[Source material]:
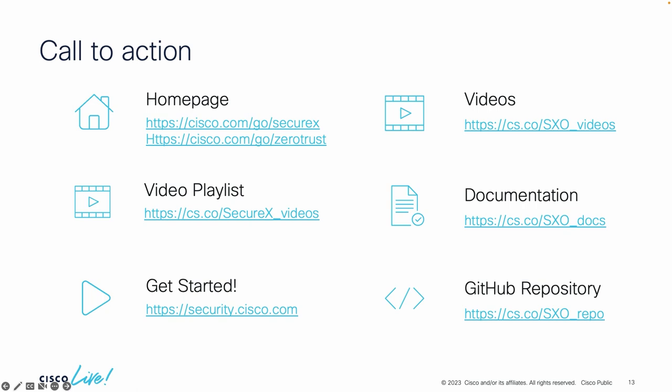I wanted to share resources with you. As a call to action: since most people here are not yet using SecureX, you can sign up for free — it's a complimentary tool. Just go to security.cisco.com, create an account, provide information about the Cisco security solution you're already using to enable it, and then click on enabling orchestration. It's about three clicks to have SecureX available, and then you can start exploring the over 400 pre-built content items to make those automations a reality for you.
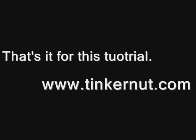But for now that's it for this tutorial. For more go to Tinkernut.com. Take care.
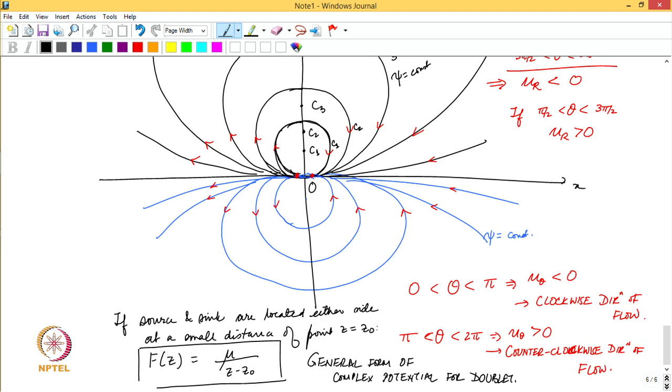What we covered today is the first case of flow superposition: the linear combination of a source and a sink to form a doublet. In the next lecture we will look at a few more such scenarios, specifically combining a doublet with other elementary flows — in particular combining a doublet with a uniform source flow — to derive flow over a circular cylinder.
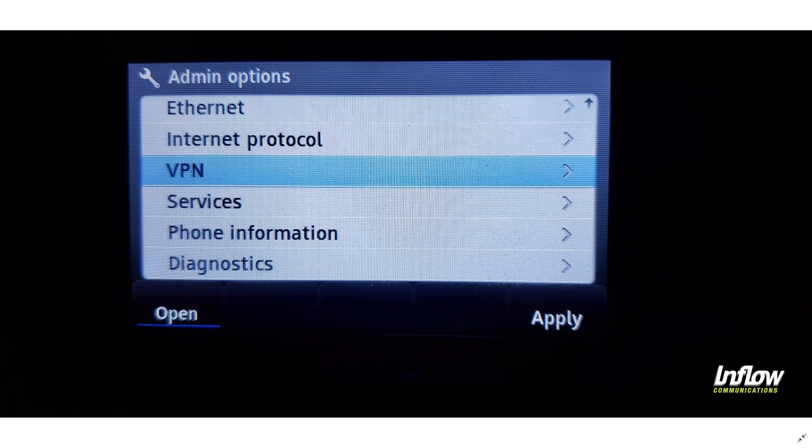This quick tutorial will assume that the Edge Gateway device has been set up, your infrastructure has been tested, and the RAST service is available for you. This is going to cover how to set up your IP 480G or 485G phones to connect into the system.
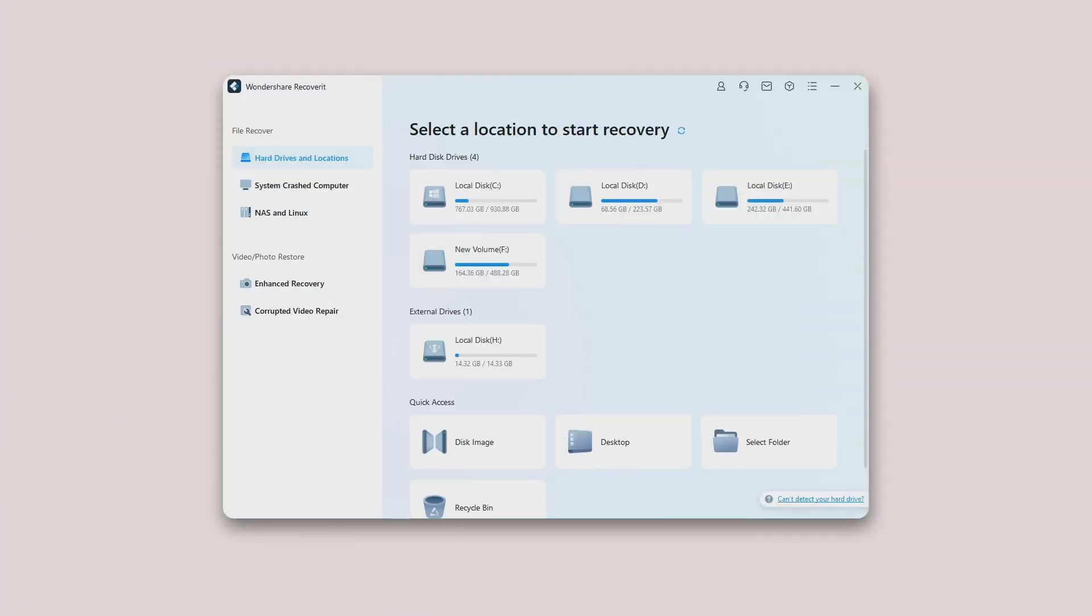If your data gets lost from an external device on Windows computer, Recoverit 11 can also help you recover them.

[Try it]: Leave the pictures out and repeat exactly the lines from the beginning of the records to the line bearing "But for now", both ends counted.

[Solution to this exercise]:
I wanted to share resources with you. As a call to action: since most people here are not yet using SecureX, you can sign up for free — it's a complimentary tool. Just go to security.cisco.com, create an account, provide information about the Cisco security solution you're already using to enable it, and then click on enabling orchestration. It's about three clicks to have SecureX available, and then you can start exploring the over 400 pre-built content items to make those automations a reality for you.
But for now that's it for this tutorial. For more go to Tinkernut.com. Take care.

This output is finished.